Pemaknaan itu juga mengharuskan mereka yang
berpuasa untuk menjadikan setiap ibadah yang dijalani sebagai sarana
berdialog dengan Allah dan menghadirkan sifat-sifat-Nya ke dalam kehidupan
ini.
Sejalan dengan itu, menahan diri dari makan
minum dan tidak berhubungan intim di siang hari merepresentasikan upaya
seorang muslim untuk melakukan manajemen diri. Kemampuan melakukan hal itu
meniscayakan kemampuannya untuk mengatur sikap, pandangan, dan perilakunya
untuk selalu diarahkan kepada kebaikan, kearifan, dan sejenisnya.
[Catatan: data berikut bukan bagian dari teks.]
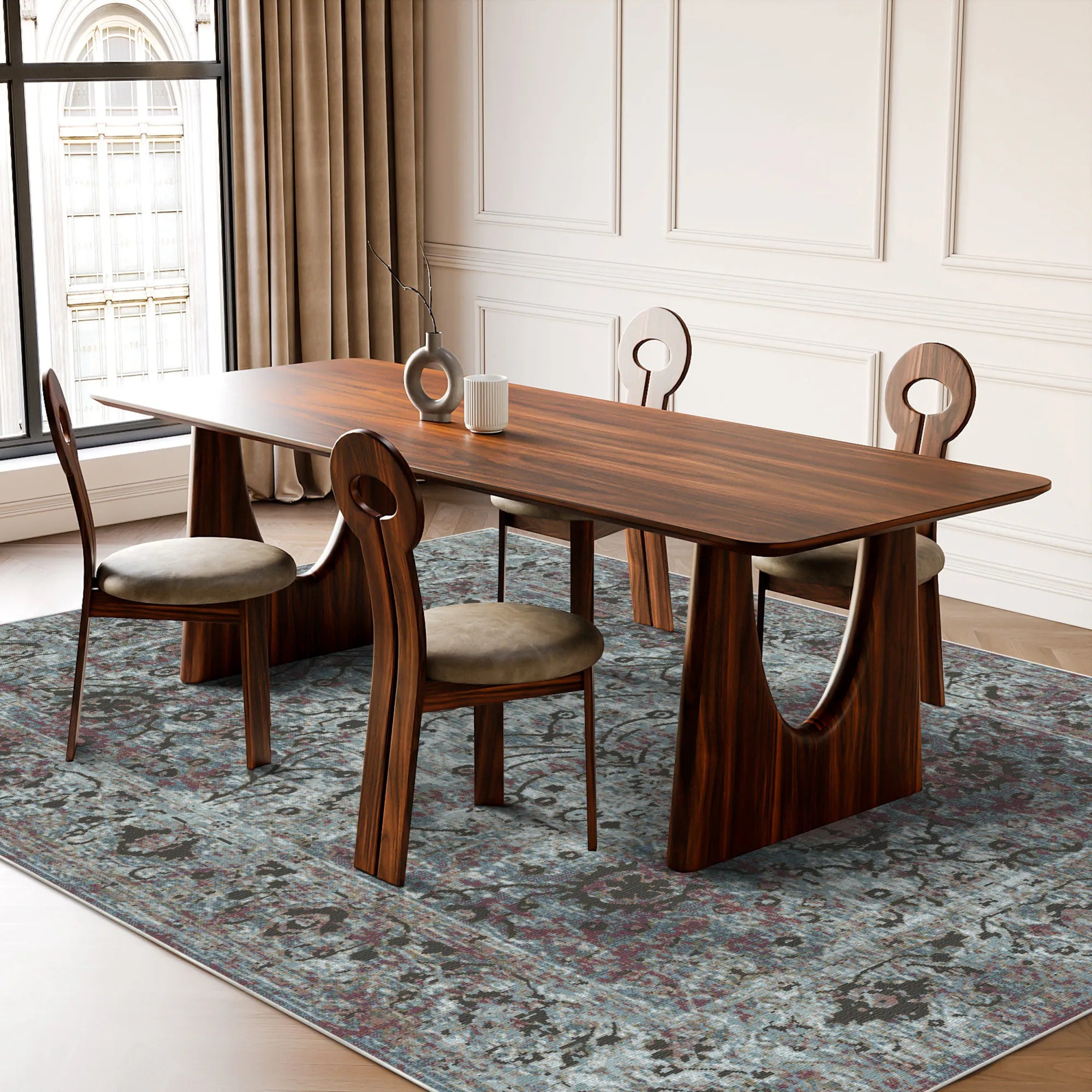 Килим з квітковим принтом Каннський туман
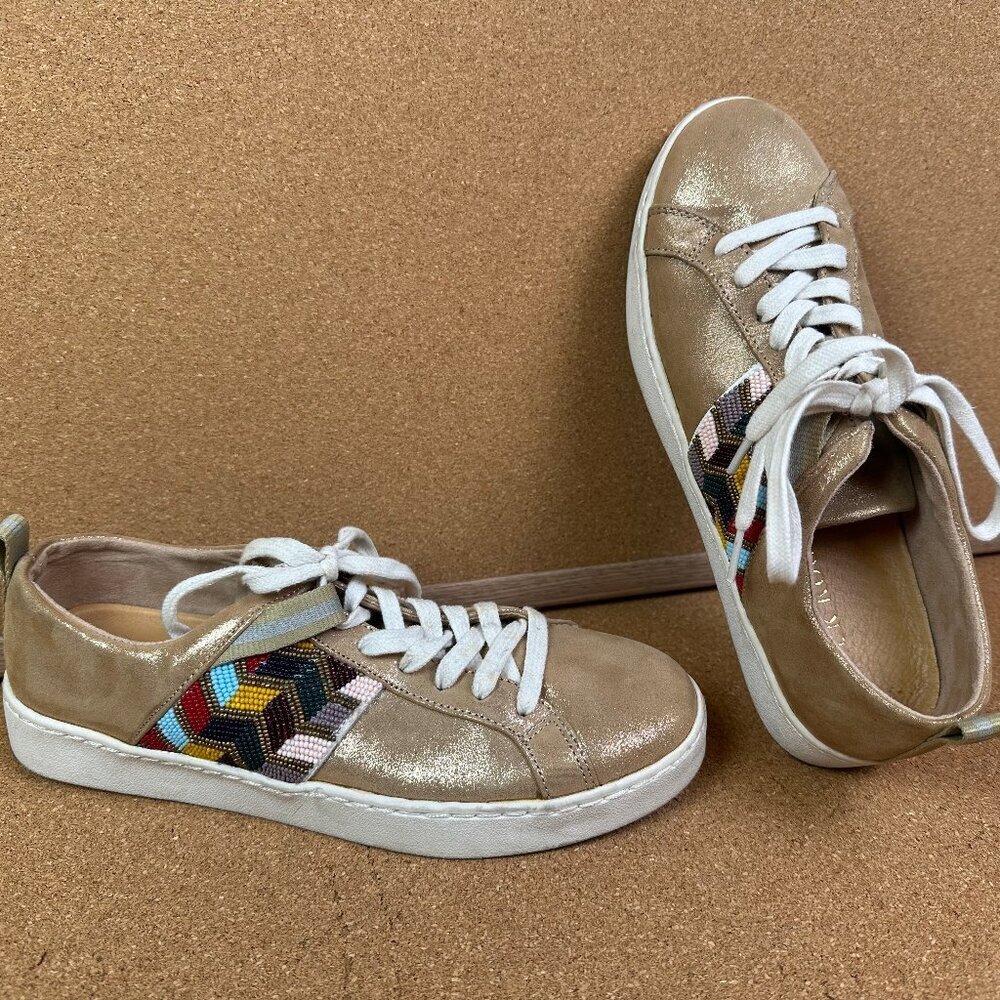 JACK ROGERS Ainsley Chevron Beaded Sneaker in Metallic Gold Womens EU 40 / US 9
Serta, pada
saat yang sama, dihindarkan dari segala hal tercela, keburukan, kejahatan,
dan seumpamanya sebagaimana diajarkan dalam agama.
Menajamkan Nurani
Lebih dari itu, lapar yang dirasakan, haus
yang mengeringkan tenggorakan, dan mungkin juga kepenatan lebih yang dialami
setiap muslim yang berpuasa menuntut mereka untuk menajamkan nurani dan
memberikan ruang besar pada diri mereka untuk mengembangkan kepekaan sosial,
tanggung jawab, dan mengedepankan kepentingan orang lain dan masyarakat
daripada kepentingan diri sendiri dan sempit. Mereka, misalnya, masing-masing
niscaya menyadari masih banyak di sekitar mereka dan tidak sedikit dari
penduduk dunia yang kehidupannya dari hari ke hari hingga bulan ke bulan
selalu didera kelaparan.
Data pada 2015 menunjukkan, masih ada 815 juta
orang yang terancam kelaparan hebat dan 777 juta orang menderita kelangkaan
pangan. Di Indonesia, menurut Kompas, berdasar siaran pers Organisasi Pangan
dan Pertanian Dunia (FAO), masih ada 19,4 juta orang yang menderita kelaparan
setiap hari. Jumlah tersebut adalah sepertiga dari 60 juta orang yang
tercatat masih menderita kelaparan di Asia Tenggara.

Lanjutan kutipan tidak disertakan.